Despite changes in style both before and after Disintegration, it’s clear that Smith sees its sweeping romanticism and baroque drama as the defining work of his career, the album to remember him by. It joins Pornography and 2000’s Bloodflowers as a trilogy discussing ageing and loss, revelling in long instrumental sections and production that foregrounds ambience more than hooks. In short, these aren’t works desperate to top the charts.

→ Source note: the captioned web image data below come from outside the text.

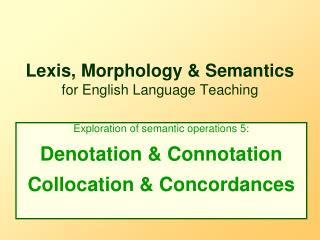 Lexis, Morphology &amp; Semantics for English Language Teaching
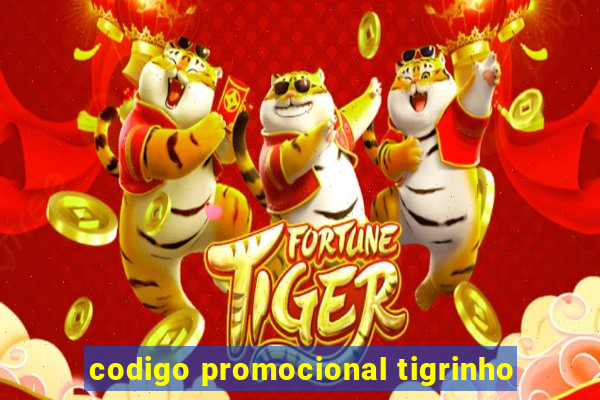 codigo promocional tigrinho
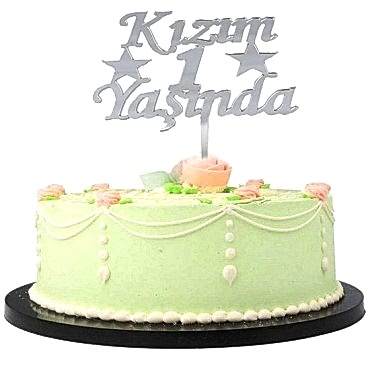 Kızım 1 Yaşında Yazılı Pasta Süsü Gümüş Renk 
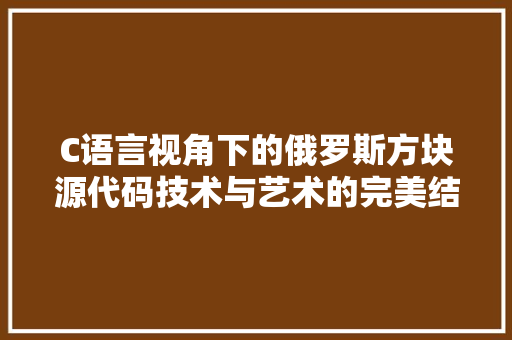 C语言视角下的俄罗斯方块源代码技术与艺术的完美结合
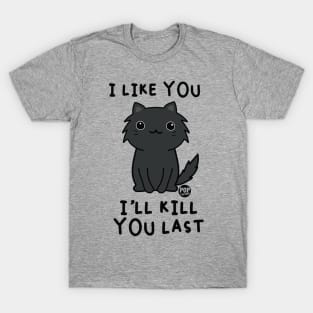 KILL YOU LAST CAT T-Shirt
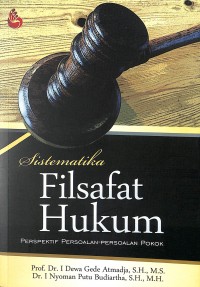 SISTEMATIKA FILSAFAT HUKUM Perspektif Persoalan - Persoalan Pokok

New album Songs Of A Lost World may mark a fourth entry in this series. ‘This is the end of every song that we sing,’ exhales Smith on lead single ‘Alone’, which begins with an ephemeral swirl of noise recalling ‘Plainsong’ before moving into a stark, heartrending lamentation on grief. Taking inspiration from Ernest Dowson’s 1899 poem ‘Dregs’, death here is not simply a shortcut to grand themes: it is a totality, a mysterious and terrifying void.
The single is as lyrically rich as Smith has ever been, in part because he spent 16 years writing instrumentals until he finally had something to say; he lost both of his parents and his brother while Songs Of A Lost World was being conceived, and their absence hangs heavily over the record. This may or may not be the final album we receive from The Cure (Smith has intimated that two more are in the works), but it may be the last which allows him to be quite so vulnerable.
Songs Of A Lost World is out now on Polydor.